> [DIRECTIONS] With pictures excluded, give again exactly the lines running from the one holding "Les grands titres" through the end of the listing below.

> [PROVIDED MATERIAL]
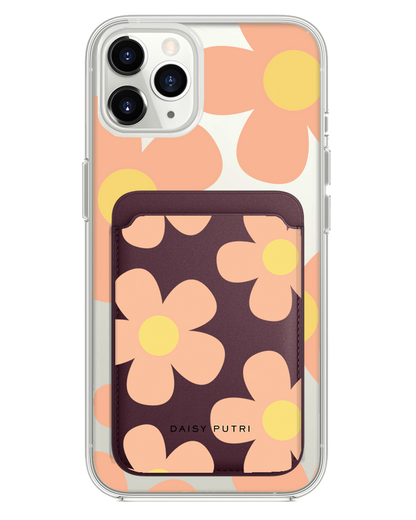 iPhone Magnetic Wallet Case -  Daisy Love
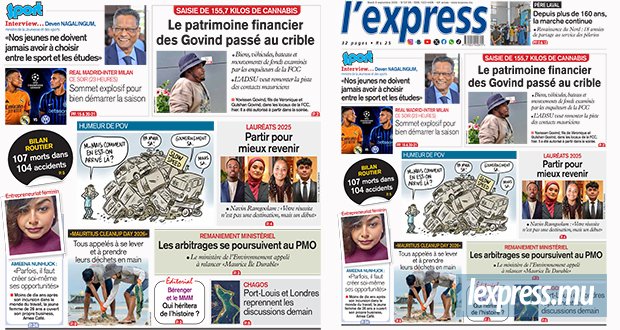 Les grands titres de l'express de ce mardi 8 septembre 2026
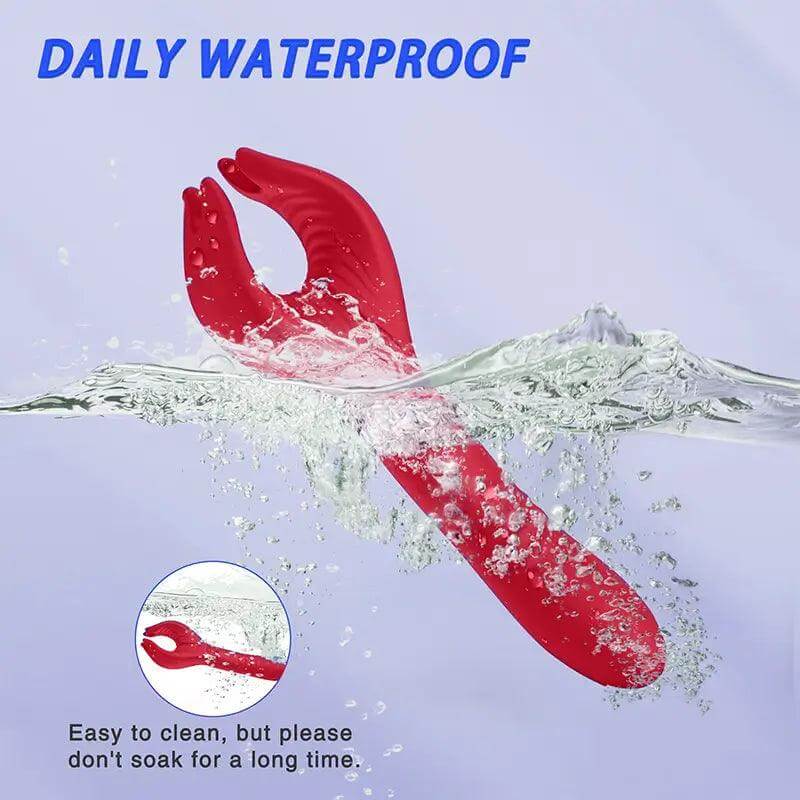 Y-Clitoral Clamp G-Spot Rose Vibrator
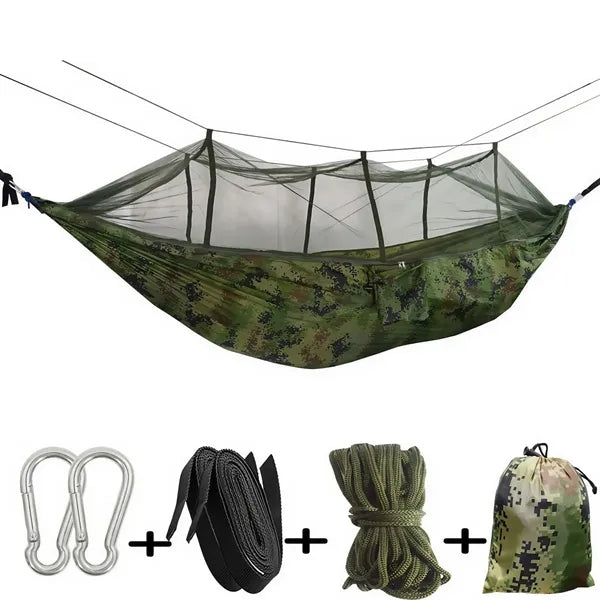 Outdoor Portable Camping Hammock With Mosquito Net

> [WRITTEN SOLUTION]
 Les grands titres de l'express de ce mardi 8 septembre 2026
 Y-Clitoral Clamp G-Spot Rose Vibrator
 Outdoor Portable Camping Hammock With Mosquito Net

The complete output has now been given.